Hz. Zeyd, dayanamayıp dertli bir şekilde evden dışarı
fırladı ve Rasûlüllah sallallâhü aleyhi ve selleme sığındı. Sevgili
babalığından onları birbirinden kur­tarmasını istedi. Çünkü artık hiçbirisinin
dayanacak gücü kal­mamıştı. Hz. Zeyd, Rasûlüllah sallallâhü aleyhi ve selleme
âşıktı; onun büyüklüğü ve sevgi­siyle doluydu. O, kılıç, vefa ve iman adamıydı;
kalbini ona ver­meyen bir kadının nâaşını omzunda taşımazdı.[6] Kureyş
kabi­lesiyle akrabalık bağlılık uğruna ya da ruhsuz ve soğuk bir hey­kelin
güzellik lezzetini tatmak için odalarının çatısından başka bir şeyi
paylaşmadıkları ve oturduktan ev dışında başka hiçbir şeyin kendilerini bir
araya getirmediği bir hayatta kimseye esir de olamazdı, kimseyi esir de
edemezdi.
Rasûlüllah sallallâhü aleyhi ve sellem için bu olay başlı başına
büyük bir meseleydi. Üzerinde çokça düşünüp ça­re arıyordu fakat bulamıyordu. Hz.
Zeyneb’in bakışlarında okudu­ğu şeyi acaba kalbinde de hissetmiş miydi?
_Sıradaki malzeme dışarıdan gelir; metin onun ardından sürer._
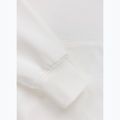 Felpa donna Pitbull Chew On This Hooded off white 11
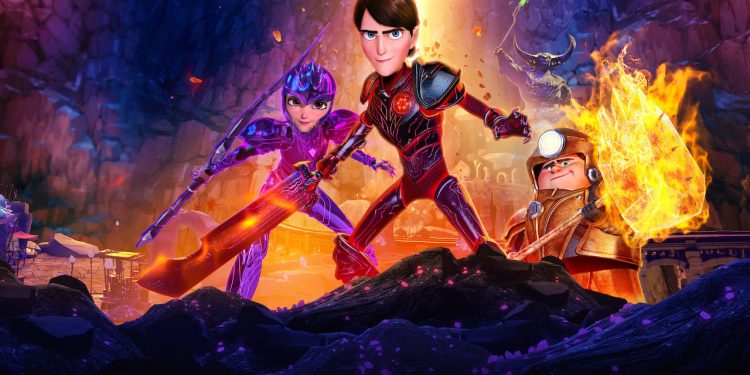 AAAABWSp8q2MfTAi84AS44ZyvMTdCe ONTXMT0dn5kVbOoiVbTk4o9lMveU1tatTbEYbV8TOVgxtHgOOdCZO6PcjGPWAexJ6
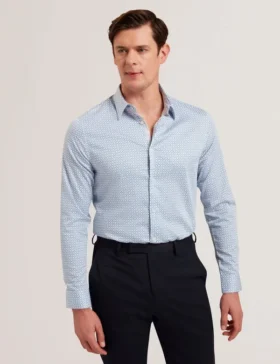 LATIMOR Lt-Blue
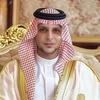 sultanalhakami5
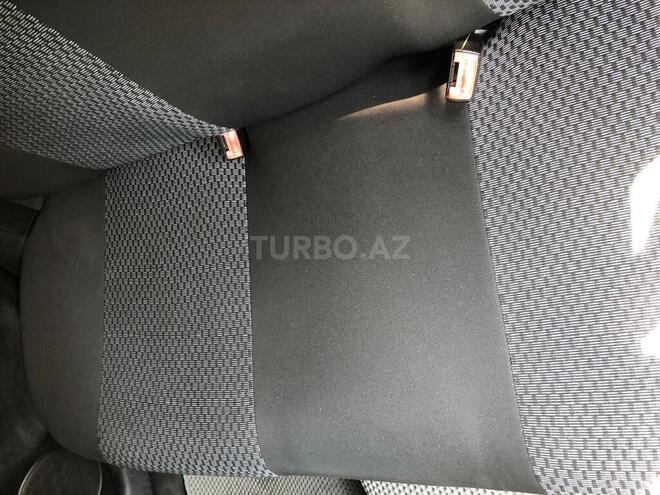 Volkswagen Passat 2001, 250,000 km - 1.8 l - Xırdalan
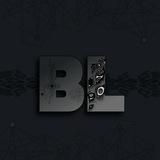 Bzex Update's Channel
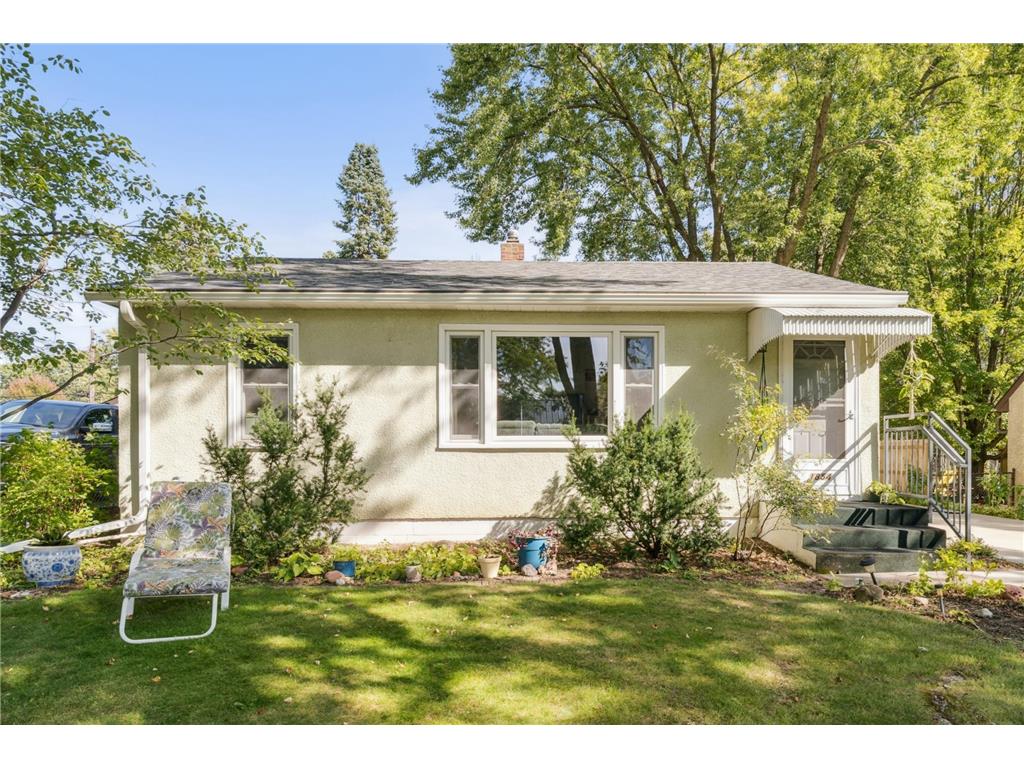 1854 Barclay Street Maplewood MN 55109 6757927 image1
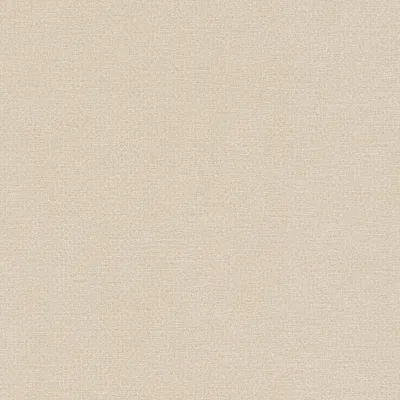 Obrázok produktu pre A.S. Creation | Natural Living | 386621 | Netkaná tapeta | Jednofarebná | 10,05 x 0,53 m | Béžová | Obývacia izba | Chodba | Kancelária | Kuchyňa | Obývacie izby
Acaba hayatını, gençliğini ve her şeyini Allah,
insanlar, düşünce, takva, çile ve mücadeleye adayan büyük bir ruh, şimdi
kendisine tutkun bir kalp karşısında kendini kaybetmiş miydi?





Bu soruya verilen birçok cevap vardır ve bundan hayal
ürünü hikâyeler ve uydurma efsaneler üretilmiştir.

Ancak ben, böyle bir soruyu da ona verilen cevapları da temelsiz buluyorum.
Çünkü aşkın gizli yolunu ne tarih ne de araştırma bilebilir. Hem de “çeng”
gibi bir bakışın ya da gülüşün yumuşak bir par­mak ucu işaretiyle figan eden ve
tahammülsüzlükten sabrın ve sükutun yakasını yırtan bir gazel şairinin gönlünde
değil, Rasûlüllah sallallâhü aleyhi ve sellemin gönlü gibi derin, büyük ve
güçlü bir gönülde.





GÖ­NÜL OKYANUSTUR.





Hangi göz, sabahın seherinde esen ve kendisi­ni
denizin üzerine vuran meltemin, denizin kalbini ne ölçüde sarstığını görebilir?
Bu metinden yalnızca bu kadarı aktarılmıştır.